- Supplied records -
== Segment start ==

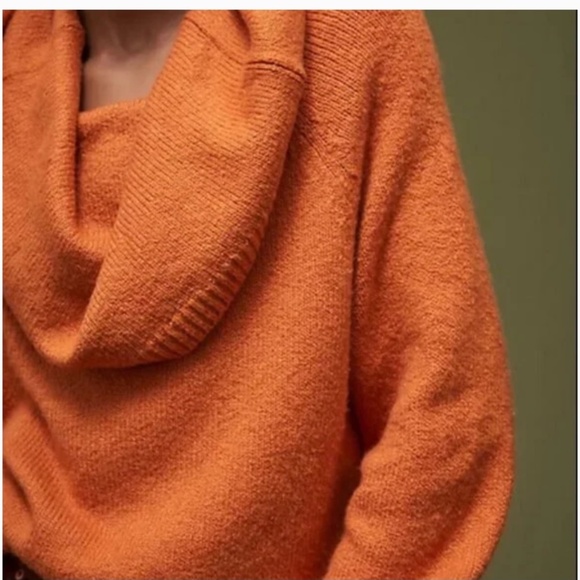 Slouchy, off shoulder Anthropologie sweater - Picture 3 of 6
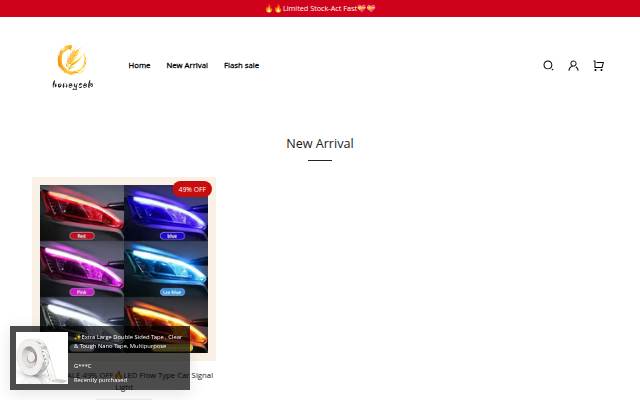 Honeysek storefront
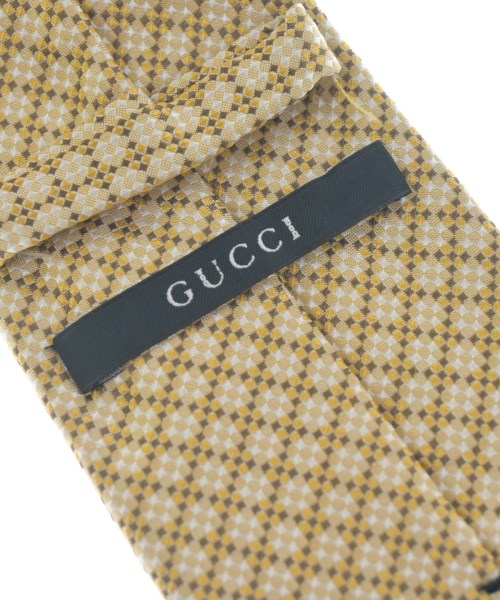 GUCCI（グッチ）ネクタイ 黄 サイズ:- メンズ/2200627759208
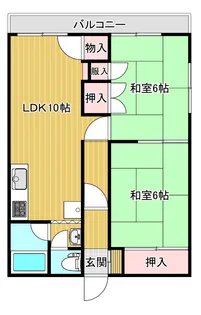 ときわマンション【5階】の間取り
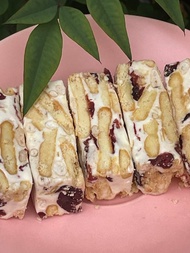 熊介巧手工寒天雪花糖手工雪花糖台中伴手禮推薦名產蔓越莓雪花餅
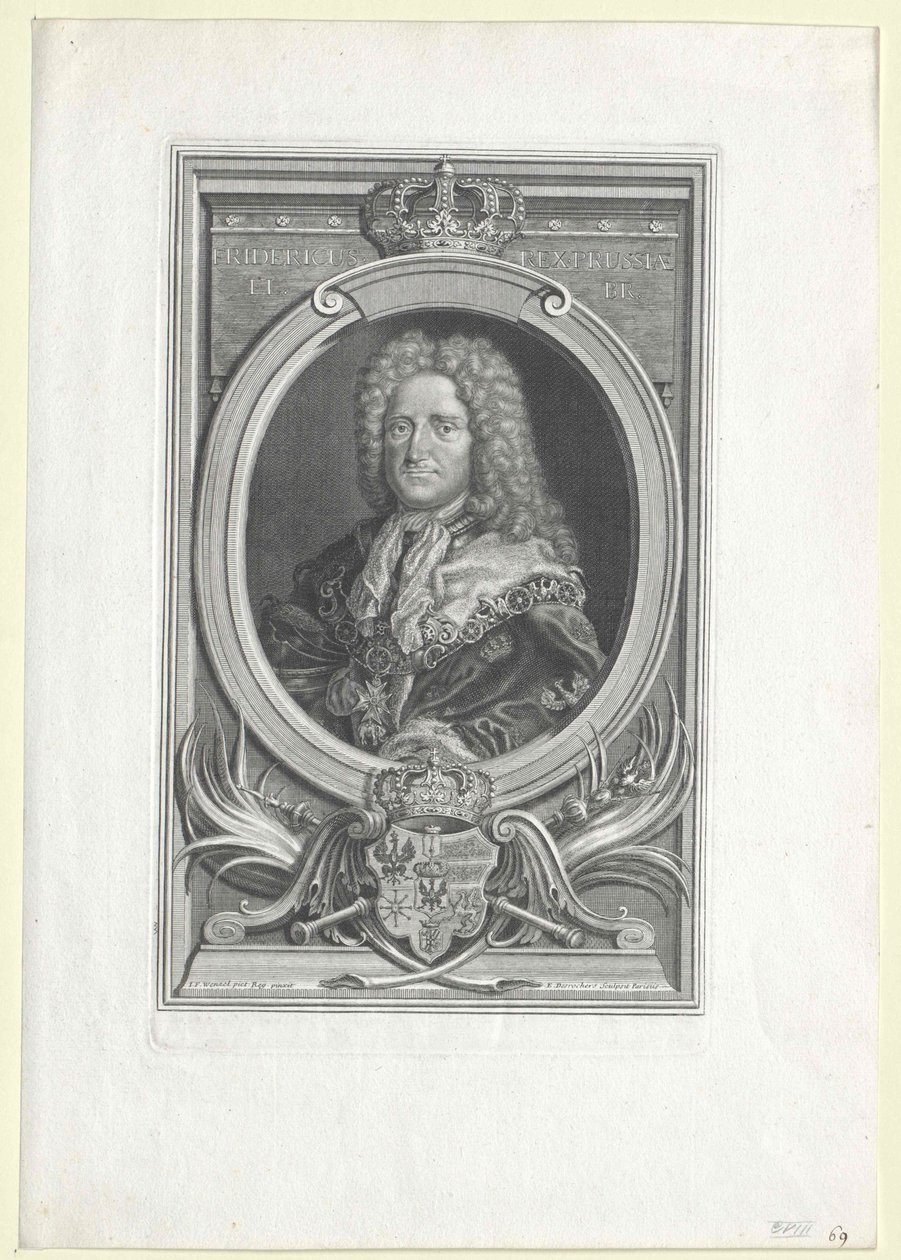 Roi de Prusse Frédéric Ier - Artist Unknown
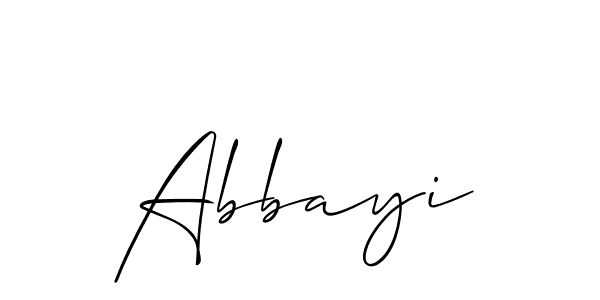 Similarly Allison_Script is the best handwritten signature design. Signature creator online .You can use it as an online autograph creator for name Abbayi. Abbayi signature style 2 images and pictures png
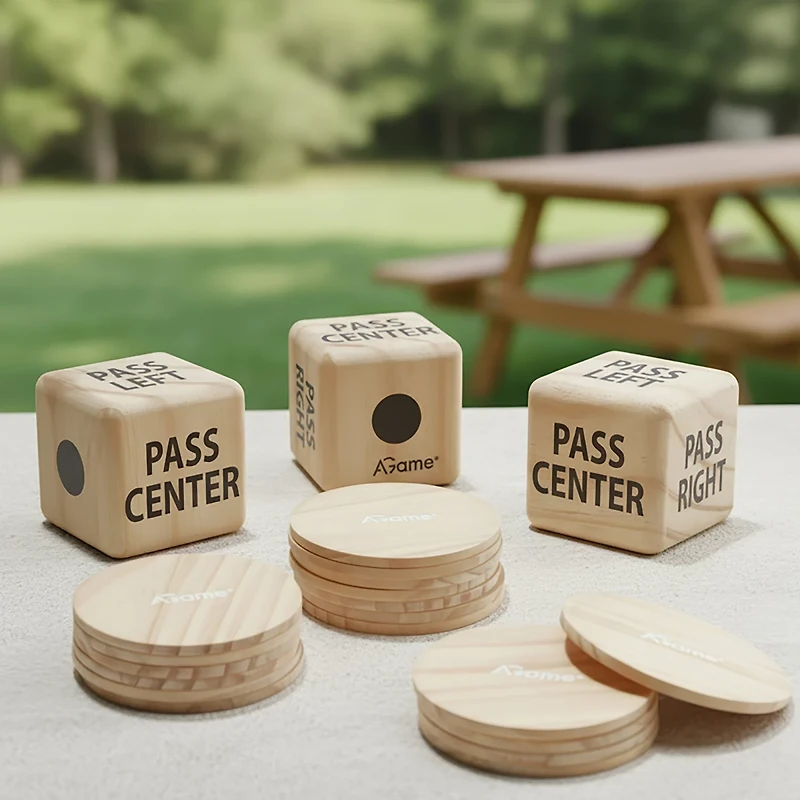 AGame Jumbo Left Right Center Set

== Segment end ==
== Segment start ==

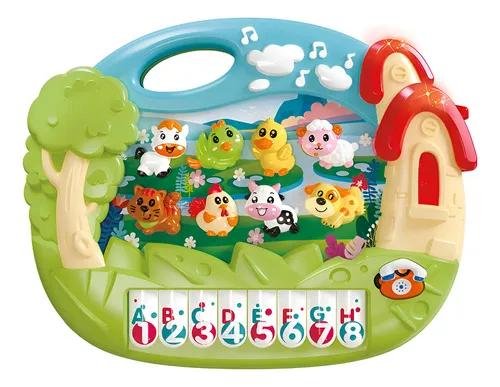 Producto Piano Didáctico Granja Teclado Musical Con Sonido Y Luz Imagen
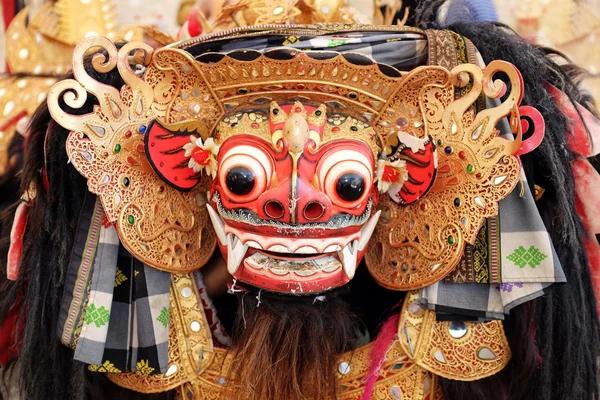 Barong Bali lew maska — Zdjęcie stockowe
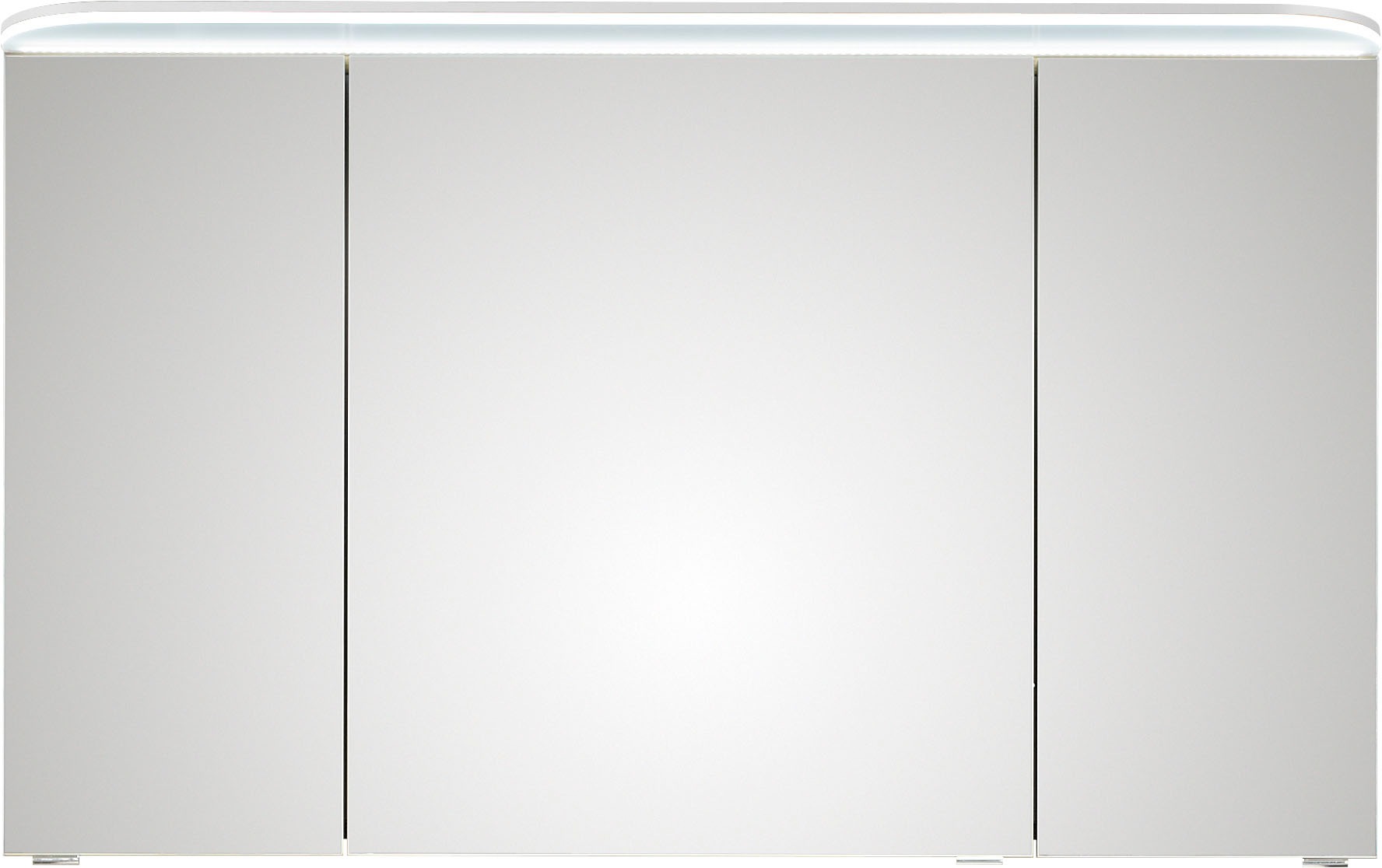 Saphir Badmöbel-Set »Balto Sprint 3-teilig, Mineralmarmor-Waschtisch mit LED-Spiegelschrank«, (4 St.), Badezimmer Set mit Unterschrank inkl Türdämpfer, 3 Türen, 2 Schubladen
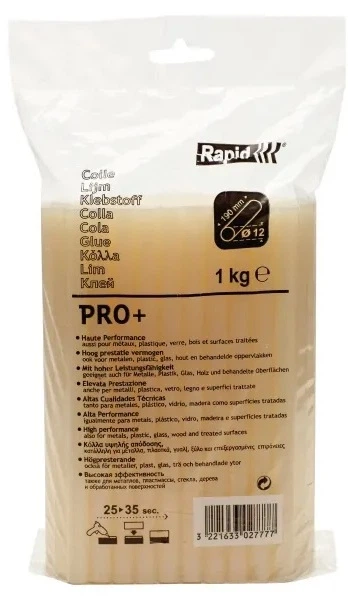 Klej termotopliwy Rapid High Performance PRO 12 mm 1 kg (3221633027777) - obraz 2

== Segment end ==

- Work required -
Your answer must be the lines above from the one holding "Similarly Allison_Script is" up to and including the one holding "AGame Jumbo Left Right Center Set", exact and with no pictures.

- Answer box -
 Similarly Allison_Script is the best handwritten signature design. Signature creator online .You can use it as an online autograph creator for name Abbayi. Abbayi signature style 2 images and pictures png
 AGame Jumbo Left Right Center Set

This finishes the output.